How To Deal With Loneliness?
Loneliness is not just having no one around; it is the feeling of being alone and isolated but also all the feelings of sadness that follow.
For many people, this feeling is due to not having found love; for others, meeting new people, or even having some kind of connection, is impossible.
Consequences of loneliness
Recent studies have shown that loneliness can have repercussions not only on the mind, but also on physical health.

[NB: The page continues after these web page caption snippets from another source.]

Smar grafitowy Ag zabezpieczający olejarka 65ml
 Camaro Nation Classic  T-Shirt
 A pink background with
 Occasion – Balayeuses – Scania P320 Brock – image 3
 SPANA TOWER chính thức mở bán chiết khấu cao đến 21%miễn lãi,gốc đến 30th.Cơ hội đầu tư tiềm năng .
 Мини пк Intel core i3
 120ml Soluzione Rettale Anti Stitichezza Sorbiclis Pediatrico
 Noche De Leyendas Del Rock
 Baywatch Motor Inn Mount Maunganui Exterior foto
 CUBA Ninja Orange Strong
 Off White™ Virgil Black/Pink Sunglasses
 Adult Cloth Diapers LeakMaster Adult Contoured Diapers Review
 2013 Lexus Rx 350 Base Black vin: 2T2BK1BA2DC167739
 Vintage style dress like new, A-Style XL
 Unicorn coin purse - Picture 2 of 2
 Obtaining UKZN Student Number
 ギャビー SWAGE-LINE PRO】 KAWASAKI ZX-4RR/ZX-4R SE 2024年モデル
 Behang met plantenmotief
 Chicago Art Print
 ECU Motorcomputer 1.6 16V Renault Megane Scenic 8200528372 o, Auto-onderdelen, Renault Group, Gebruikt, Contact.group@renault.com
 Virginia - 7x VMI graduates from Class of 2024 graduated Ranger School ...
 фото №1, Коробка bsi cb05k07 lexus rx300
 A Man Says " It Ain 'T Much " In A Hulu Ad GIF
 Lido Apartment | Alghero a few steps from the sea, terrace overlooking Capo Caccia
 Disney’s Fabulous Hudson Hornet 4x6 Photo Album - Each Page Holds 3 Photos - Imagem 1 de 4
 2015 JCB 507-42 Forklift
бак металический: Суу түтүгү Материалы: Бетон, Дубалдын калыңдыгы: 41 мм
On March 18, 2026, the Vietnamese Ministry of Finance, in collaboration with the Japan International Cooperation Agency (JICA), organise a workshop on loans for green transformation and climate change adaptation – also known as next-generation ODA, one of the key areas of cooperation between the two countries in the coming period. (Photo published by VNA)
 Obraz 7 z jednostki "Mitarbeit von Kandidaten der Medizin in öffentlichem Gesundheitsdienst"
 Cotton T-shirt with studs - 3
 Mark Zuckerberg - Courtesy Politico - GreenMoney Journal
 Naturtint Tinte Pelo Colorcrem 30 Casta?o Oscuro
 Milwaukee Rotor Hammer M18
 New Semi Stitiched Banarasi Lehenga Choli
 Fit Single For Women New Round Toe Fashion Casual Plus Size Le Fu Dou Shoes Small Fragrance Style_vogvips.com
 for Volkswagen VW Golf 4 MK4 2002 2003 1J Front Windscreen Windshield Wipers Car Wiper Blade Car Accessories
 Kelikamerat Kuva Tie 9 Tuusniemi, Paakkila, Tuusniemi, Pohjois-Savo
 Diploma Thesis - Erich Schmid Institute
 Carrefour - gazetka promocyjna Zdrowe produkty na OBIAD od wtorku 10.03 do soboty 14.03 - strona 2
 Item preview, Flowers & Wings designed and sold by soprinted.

Indeed, people who feel empty, alone and who have the feeling of not being loved, have a greater chance of contracting cardiovascular diseases, are more stressed and have a decrease in memory and the ability to learn.
Feelings of loneliness can even lead to depression and suicide.
What to do when you feel lonely?
The solution is not to throw yourself in the arms of the first comer, just to feel less alone. Although this is a very common strategy among people who suffer from loneliness, it ultimately only brings complications and creates conflict, instead of solving the problem.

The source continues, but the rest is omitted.